# What this task involves:
The reply should be an exact transcription of every record.

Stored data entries
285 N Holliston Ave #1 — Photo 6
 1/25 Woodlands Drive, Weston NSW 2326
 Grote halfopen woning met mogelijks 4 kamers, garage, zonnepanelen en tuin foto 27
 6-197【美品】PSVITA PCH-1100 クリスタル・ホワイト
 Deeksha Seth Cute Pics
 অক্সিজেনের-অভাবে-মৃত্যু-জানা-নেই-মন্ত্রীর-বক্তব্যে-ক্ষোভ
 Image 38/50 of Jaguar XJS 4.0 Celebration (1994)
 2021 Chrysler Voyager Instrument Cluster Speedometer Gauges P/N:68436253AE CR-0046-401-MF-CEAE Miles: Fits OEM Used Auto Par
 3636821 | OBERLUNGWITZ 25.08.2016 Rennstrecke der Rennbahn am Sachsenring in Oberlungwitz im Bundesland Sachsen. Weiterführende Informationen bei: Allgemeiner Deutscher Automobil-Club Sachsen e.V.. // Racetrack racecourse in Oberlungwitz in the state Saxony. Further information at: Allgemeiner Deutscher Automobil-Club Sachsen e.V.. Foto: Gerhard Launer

# Answer for this exercise:
285 N Holliston Ave #1 — Photo 6
 1/25 Woodlands Drive, Weston NSW 2326
 Grote halfopen woning met mogelijks 4 kamers, garage, zonnepanelen en tuin foto 27
 6-197【美品】PSVITA PCH-1100 クリスタル・ホワイト
 Deeksha Seth Cute Pics
 অক্সিজেনের-অভাবে-মৃত্যু-জানা-নেই-মন্ত্রীর-বক্তব্যে-ক্ষোভ
 Image 38/50 of Jaguar XJS 4.0 Celebration (1994)
 2021 Chrysler Voyager Instrument Cluster Speedometer Gauges P/N:68436253AE CR-0046-401-MF-CEAE Miles: Fits OEM Used Auto Par
 3636821 | OBERLUNGWITZ 25.08.2016 Rennstrecke der Rennbahn am Sachsenring in Oberlungwitz im Bundesland Sachsen. Weiterführende Informationen bei: Allgemeiner Deutscher Automobil-Club Sachsen e.V.. // Racetrack racecourse in Oberlungwitz in the state Saxony. Further information at: Allgemeiner Deutscher Automobil-Club Sachsen e.V.. Foto: Gerhard Launer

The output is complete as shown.